È certo un personaggio in cerca d’autore, ma che, una volta trovato, lo vuole pervicacemente assassinare, come un essere pronto a uccidere il Buddha incontrato per strada. Di nuova torna un Sisifo che ha deciso di scagliare la pietra, che è obbligato a spingere eternamente, contro la balena bianca. E il bianco è l’antitesi cromatica di un nero caravaggesco che invade la scena, dalla quale emergono, da quell’oceano di pece vischioso, oscuro, porzioni dei volti mani che cercano di sfuggire al gorgo esistenziale di questo Stige. Si fa Caronte questo Achab, e di bragia, oltre che gli occhi, ha le parole che sono fiamme in grado di accendere, di bruciare il cuore più ghiacciato del suo equipaggia. Il capitano appartiene a quella lunga sequela di personaggi che hanno volutamente sconfinato l’insconfinabile, che hanno deragliato dalle rotaie esistenziali deliberatamente, sono Kurtz entrati con la propria carne nel territorio nietzschiano al di là del bene e del male. Lo si ama, lo si odia, questo capitano, ma non può esserci indifferente, è la forma della parte più atavica della natura umana, del suo grido più volte soffocato, della sua volontà di dirsi oltre le parole, di farsi poesia, di diventare canto universale, eterno, spezzando le catene dell’impermanenza.
De Capitani restituisce alla platea un palcoscenico essenziale, dove sopravvivono le ossa metalliche dei tavoli da cui è stato succhiato tutto il midollo della significatività, e le scale di Giacobbe, pronte a fare del cielo dei numi il bersaglio ideale delle fiocine. Gli umori del teatro più autentico, più vero, l’incenso più intenso di un rito sacro, i canti liturgici di un musical perfetto in cui la tragica superstar è la balena, sono contenuti tutti in questo spettacolo. Cristina Crippa diventa una sorta di corifeo, i suoi fonemi già tragici per costituzione, i suoni che diventano il sangue denso di una Lady imbarcata sulla barca del destino, sono la necessaria punteggiatura di questo perfetto meccanismo scenico.

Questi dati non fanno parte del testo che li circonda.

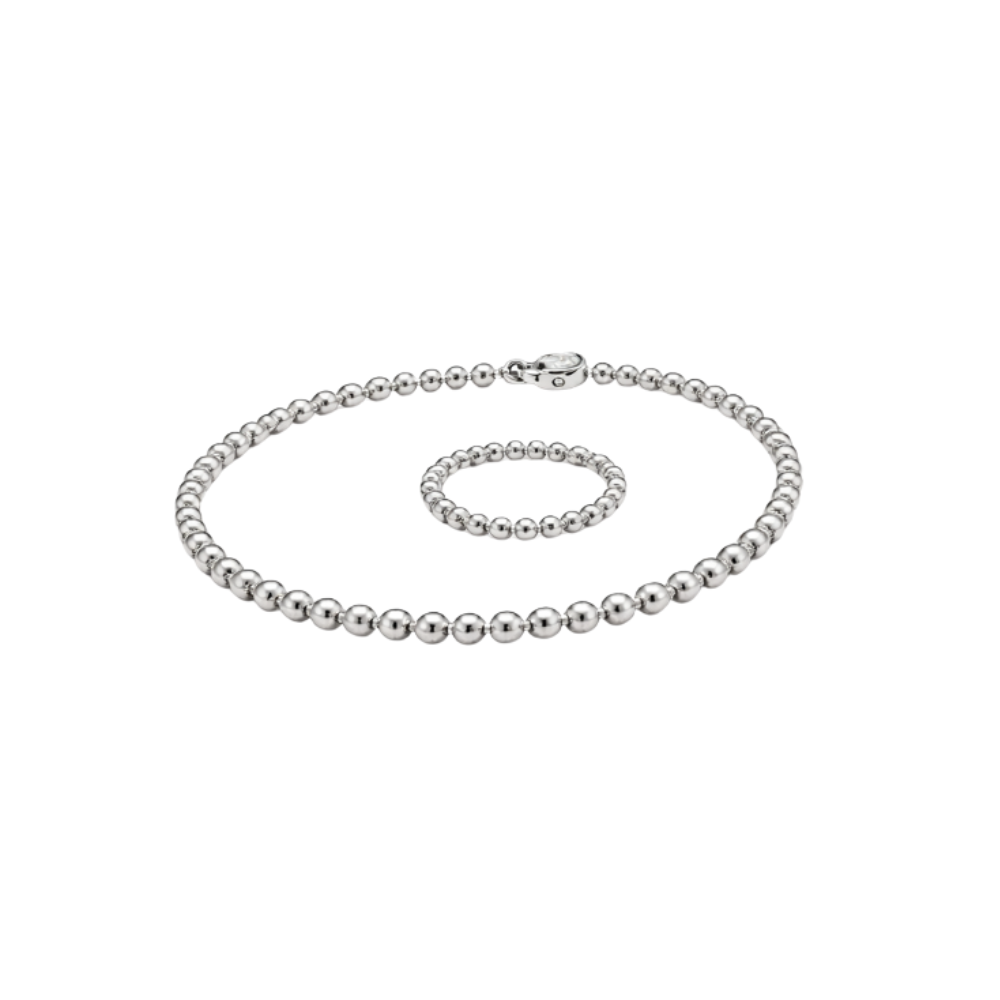 Van Cleef & Arpels Jewelry | Perlee Beads Silver Bracelet and Ring Set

Giulia Vania diventa un Pip, un fanciullo che strapperebbe a lacrima anche al più indifferente dio epicureo, e quando l’emozione è così forte da superare i limiti del normale parlare, non può che cantarci la sua saggia follia, non può che diventare, geniale intuizione registica, la perfetta stampella di Achab, la levità dionisiaca, l’innocenza che si fonde, in una perfetta sovraimpressione taoistica, con la spietatezza del capitano.

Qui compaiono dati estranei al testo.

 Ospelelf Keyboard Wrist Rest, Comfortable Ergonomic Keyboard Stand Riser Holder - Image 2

L’Ismael dell’interprete Angelo Di Genio è un Omero che ha gli occhi di uno stupito fanciullo pascoliano, incarna il canto blakiano insieme dell’innocenza e dell’esperienza. Marco Bonadei è un primo ufficiale in grado di incarnare il doppio di Achab, l’incarnazione di un pericoloso dubbio socratico, che però è vinto dall’irresistibile attrazione gravitazione di questa volontà incrollabile. Tutti gli interpreti sono schegge palpitanti, esistenziali, di questo legno umano, di questo burattino esistenziale che, piangendo ed urlando, trova la sua umanità, proprio un momento prima di finire risucchiato nella nemesi di Moby Dick. Le vele diventano corpo, sostanza, ma anche caverne platoniche dove si proietta l’ombra coriacea dell’umano volere. E poi c’è il protagonista, l’Achab di De Capitani, il centro del centro di questo maelstrom, il viso di un James Stewart al centro dei vortici di Vertigo, l’aleph e l’omega, il fiocinatore e il fiocinato che ha costretto a caro prezzo il destino a una patta, a uno stallo metafisico, a un’ideale rivincita della partita a scacchi del cavaliere bergmaniano.